Jay Lee wrote:
Jimmy Ott wrote:
hello to everyone,
i try to implement a simple autoresponder as many of you already did or
use. i have a global maildroprc which redirects spam to other folder and
local .mailfilter for user filters.
Courier has a wonderful little utility that will handle this for you
called mailbot. It takes care of checking to see if the message is bulk
or mailing list. According to the man page, mailbot won't respond if
the original message has any of the following headers:
Precedence: junk
Precedence: bulk
Precedence: list
List-ID:
if its MIME content type is "multipart/report" (this is the MIME content
type for delivery status notifications)
Which saves you the trouble. Mailbot also takes care of "remembering
via a small database who has already received an autoreply so you don't
keep sending out the same autoreply.
now i want to do the following, as an example a file called "aliases"
has email addresses of one user in it like follows:
You want to look at http://www.courier-mta.org/maildropfilter.html and
the lookup() function. It does what you are looking for, but maildrop
is a better solution to your problem.

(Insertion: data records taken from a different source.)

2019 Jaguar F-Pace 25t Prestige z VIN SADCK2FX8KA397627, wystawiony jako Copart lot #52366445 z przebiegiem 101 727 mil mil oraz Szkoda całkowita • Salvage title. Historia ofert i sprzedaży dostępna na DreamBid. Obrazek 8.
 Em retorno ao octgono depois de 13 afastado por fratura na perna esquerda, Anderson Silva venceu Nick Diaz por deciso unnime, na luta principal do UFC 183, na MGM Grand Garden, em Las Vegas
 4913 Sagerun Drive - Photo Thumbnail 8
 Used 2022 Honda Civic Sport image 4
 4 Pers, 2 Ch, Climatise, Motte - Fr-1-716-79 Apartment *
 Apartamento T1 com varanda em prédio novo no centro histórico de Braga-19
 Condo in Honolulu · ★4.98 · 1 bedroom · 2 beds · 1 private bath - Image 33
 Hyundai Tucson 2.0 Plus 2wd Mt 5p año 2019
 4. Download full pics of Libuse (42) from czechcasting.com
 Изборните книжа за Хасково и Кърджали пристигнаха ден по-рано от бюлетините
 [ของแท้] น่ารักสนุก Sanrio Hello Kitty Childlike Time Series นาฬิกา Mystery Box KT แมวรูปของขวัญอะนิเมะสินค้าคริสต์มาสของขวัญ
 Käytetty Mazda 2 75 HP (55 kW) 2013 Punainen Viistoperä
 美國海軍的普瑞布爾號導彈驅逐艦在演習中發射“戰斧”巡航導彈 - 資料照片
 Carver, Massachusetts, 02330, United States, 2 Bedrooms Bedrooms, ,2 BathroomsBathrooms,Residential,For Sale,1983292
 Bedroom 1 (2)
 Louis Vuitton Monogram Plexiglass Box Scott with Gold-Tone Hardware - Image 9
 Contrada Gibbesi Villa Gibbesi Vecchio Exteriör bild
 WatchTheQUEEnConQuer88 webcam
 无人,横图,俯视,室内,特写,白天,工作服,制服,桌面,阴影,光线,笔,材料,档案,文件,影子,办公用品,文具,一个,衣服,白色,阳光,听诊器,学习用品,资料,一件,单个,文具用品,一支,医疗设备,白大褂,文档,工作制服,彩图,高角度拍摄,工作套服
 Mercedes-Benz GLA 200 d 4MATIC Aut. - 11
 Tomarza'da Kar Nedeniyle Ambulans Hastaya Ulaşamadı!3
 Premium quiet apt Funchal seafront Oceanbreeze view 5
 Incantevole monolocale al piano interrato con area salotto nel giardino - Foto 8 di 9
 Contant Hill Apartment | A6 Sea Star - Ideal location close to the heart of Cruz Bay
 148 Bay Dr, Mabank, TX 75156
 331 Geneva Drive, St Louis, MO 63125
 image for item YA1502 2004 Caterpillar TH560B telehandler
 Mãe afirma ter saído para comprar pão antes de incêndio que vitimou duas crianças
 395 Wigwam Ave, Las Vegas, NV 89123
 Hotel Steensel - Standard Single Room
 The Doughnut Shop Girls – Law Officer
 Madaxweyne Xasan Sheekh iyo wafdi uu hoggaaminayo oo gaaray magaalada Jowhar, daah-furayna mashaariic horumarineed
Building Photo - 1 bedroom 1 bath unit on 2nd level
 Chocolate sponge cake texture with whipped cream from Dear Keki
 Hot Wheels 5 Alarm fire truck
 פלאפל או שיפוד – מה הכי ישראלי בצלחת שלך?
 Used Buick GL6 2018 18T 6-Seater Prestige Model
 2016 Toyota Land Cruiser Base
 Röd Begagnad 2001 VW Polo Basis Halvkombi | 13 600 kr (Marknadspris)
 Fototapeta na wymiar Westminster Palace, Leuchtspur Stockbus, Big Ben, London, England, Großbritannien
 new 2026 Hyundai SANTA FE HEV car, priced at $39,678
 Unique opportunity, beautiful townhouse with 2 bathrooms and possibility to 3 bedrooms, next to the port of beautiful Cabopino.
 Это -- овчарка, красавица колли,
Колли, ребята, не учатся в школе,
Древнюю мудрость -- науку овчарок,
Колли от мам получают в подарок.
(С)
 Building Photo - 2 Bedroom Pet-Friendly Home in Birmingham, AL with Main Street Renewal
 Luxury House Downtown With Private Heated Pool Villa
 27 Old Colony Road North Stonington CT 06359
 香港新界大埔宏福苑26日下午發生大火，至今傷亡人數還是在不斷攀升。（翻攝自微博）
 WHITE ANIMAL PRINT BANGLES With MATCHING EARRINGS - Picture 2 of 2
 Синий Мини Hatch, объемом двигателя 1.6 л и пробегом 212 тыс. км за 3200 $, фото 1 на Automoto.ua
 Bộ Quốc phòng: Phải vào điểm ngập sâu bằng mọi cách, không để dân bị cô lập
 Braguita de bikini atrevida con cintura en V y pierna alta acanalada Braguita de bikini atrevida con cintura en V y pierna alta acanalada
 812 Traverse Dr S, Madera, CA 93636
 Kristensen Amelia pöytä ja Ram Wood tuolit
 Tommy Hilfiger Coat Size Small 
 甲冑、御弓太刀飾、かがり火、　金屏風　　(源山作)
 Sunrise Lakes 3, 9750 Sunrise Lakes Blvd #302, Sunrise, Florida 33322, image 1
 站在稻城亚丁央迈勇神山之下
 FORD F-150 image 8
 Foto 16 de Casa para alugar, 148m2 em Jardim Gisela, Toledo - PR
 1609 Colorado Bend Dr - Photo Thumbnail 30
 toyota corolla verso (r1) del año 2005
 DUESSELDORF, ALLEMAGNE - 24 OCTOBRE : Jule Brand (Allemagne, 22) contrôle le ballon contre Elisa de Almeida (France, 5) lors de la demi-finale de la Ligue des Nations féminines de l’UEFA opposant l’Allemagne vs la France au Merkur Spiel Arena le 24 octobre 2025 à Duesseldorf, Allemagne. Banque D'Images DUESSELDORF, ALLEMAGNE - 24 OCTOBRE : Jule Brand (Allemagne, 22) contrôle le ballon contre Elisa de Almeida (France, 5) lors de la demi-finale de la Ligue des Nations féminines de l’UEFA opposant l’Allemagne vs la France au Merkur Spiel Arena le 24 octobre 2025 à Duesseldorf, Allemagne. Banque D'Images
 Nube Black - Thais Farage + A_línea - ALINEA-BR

Here's what I have in my global
maildroprc:
#If there is a autoreply.txt file in the user's home directory, use it
`test -f autoreply.txt`
if ($RETURNCODE==0)
{
cc "| /usr/lib/courier/bin/mailbot -t autoreply.txt -d autoreply.db -D
7 -A 'Courier-Autoreply: 1'"
}
This will simply test to find out if there is an autoreply.txt file in
the user's home directory. If there is, it gets sent by mailbot as the
autoreply (but only once mailbot determines that none of the above
mentioned headers were in the original and that the user isn't listed in
the autoreply.db file as having received an autoreply in the past 7 days.)
thank you jay,
i just tried it out, and it works great!